Post by chrish » October 24th, 2010, 9:22 am

This is an interesting discussion, but it seems to reinforce one idea for me. Nightsnakes are nocturnal except for the west coast where they are found out in the day on rare occasions.

Fundad, while your statistics may be true on the west coast, I would bet I find 10 (or more) nightsnake on the road for every one I flipped in the Chihuahuan desert. In far west TX they are literally trash snakes on the road, but hard to flip. In south TX, I probably find more by flipping than roadhunting (or about equal?), but I have NEVER found one out crawling in the day and I do a lot of walking and road driving in the day down there.

For comparison, I have found Lampropeltis alterna out crawling in the late afternoon and know of half a dozen other diurnal records.
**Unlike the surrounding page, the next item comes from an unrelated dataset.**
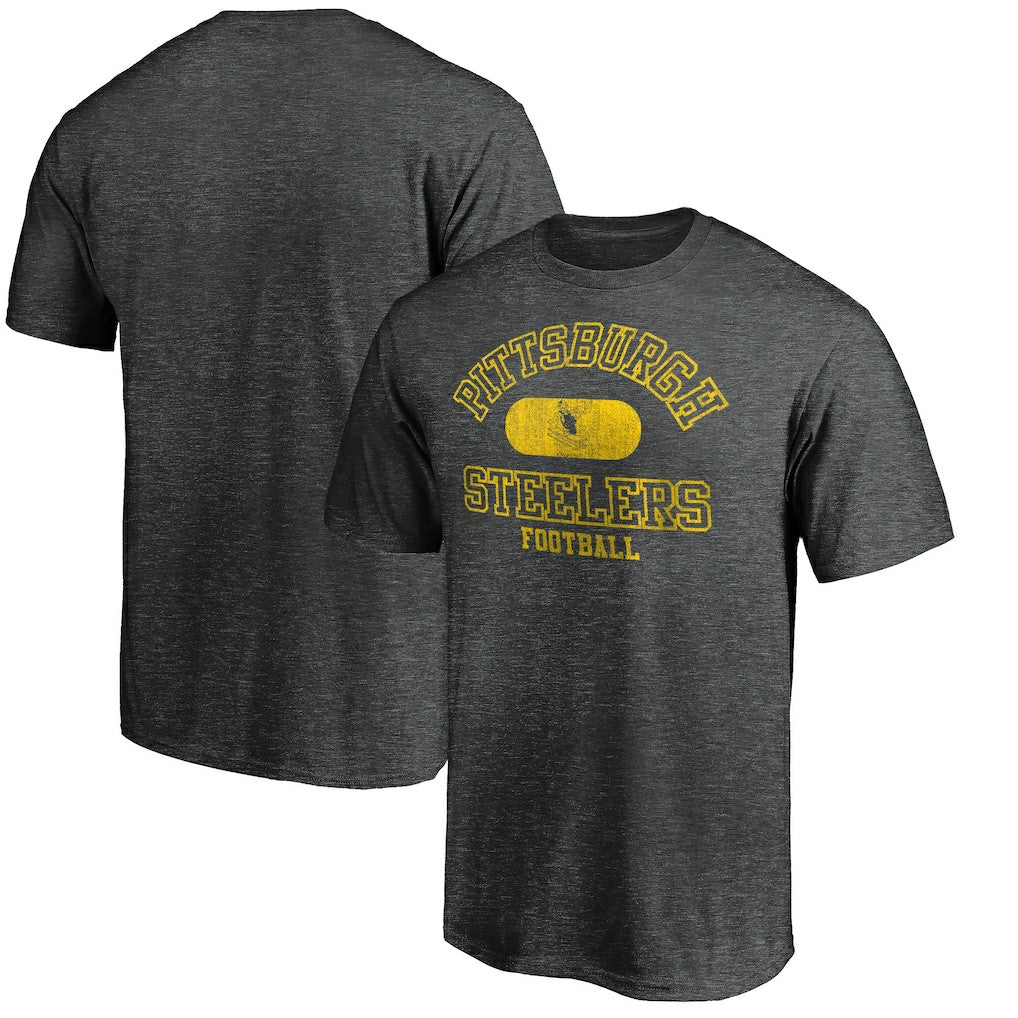 Pittsburgh Steelers Varsity Issued Throwback T-Shirt - Heather Charcoal T-shirts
That doesn't make them diurnal.
Same for Bogertophis subocularis. I've seen many dozens (triple digits?) of these snakes and I have seen a total of one individual out in the mid morning. They are still nocturnal.

Being under rocks or cover in the day does not constitute diurnal activity for most snakes. How far underground would that have to be to qualify as "inactive". 2 feet? 4 feet?

I used to find Hognosed Snakes and Racers under trash in Houston at night. Does that make them nocturnal?

Taylor Henry
Posts: 273
Joined: June 8th, 2010, 7:28 pm
Location: Southern California

Re: night snakes?

Post by Taylor Henry » October 24th, 2010, 9:26 am

hellihooks wrote:"moisture is a more important factor than temperature"
I completely agree with this statement. I've seen them in many different temperature variations, but when found under cover, the majority have been under something that had moisture under it.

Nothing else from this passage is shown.